● About this exercise
Which lines below fall between the one containing "Katerina Roza Studios" and the one containing "Curved Roof Design"? Repeat them exactly, counting both of those lines, and add nothing else.

● Supplied records
====

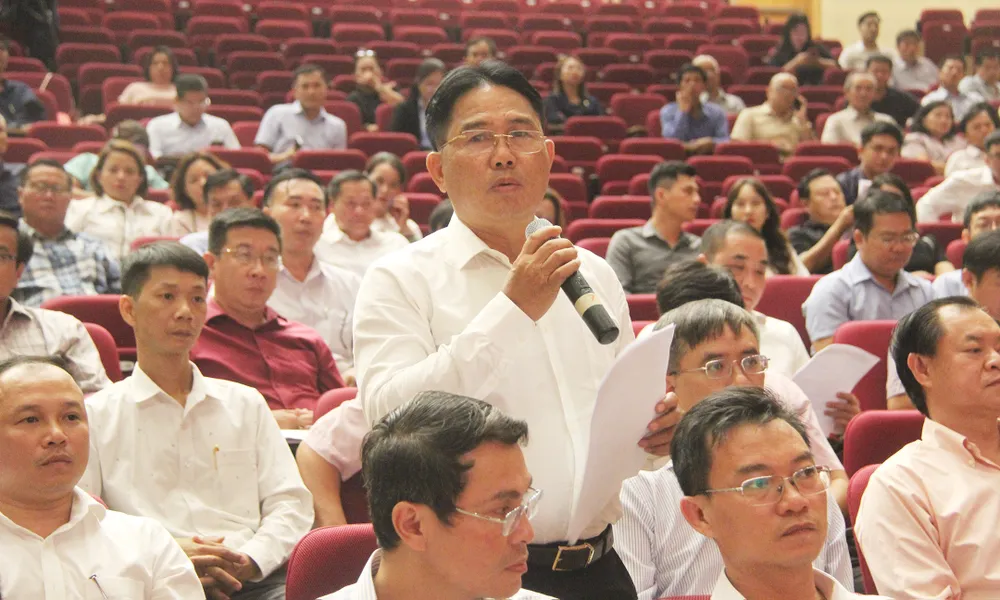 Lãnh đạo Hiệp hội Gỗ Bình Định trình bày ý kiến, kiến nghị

====

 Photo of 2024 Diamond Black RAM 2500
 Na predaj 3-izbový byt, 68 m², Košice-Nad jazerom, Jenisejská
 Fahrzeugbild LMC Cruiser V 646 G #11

====

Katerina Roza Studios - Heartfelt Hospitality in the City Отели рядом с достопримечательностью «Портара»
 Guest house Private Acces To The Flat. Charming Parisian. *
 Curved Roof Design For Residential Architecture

====

● Expected output
Katerina Roza Studios - Heartfelt Hospitality in the City Отели рядом с достопримечательностью «Портара»
 Guest house Private Acces To The Flat. Charming Parisian. *
 Curved Roof Design For Residential Architecture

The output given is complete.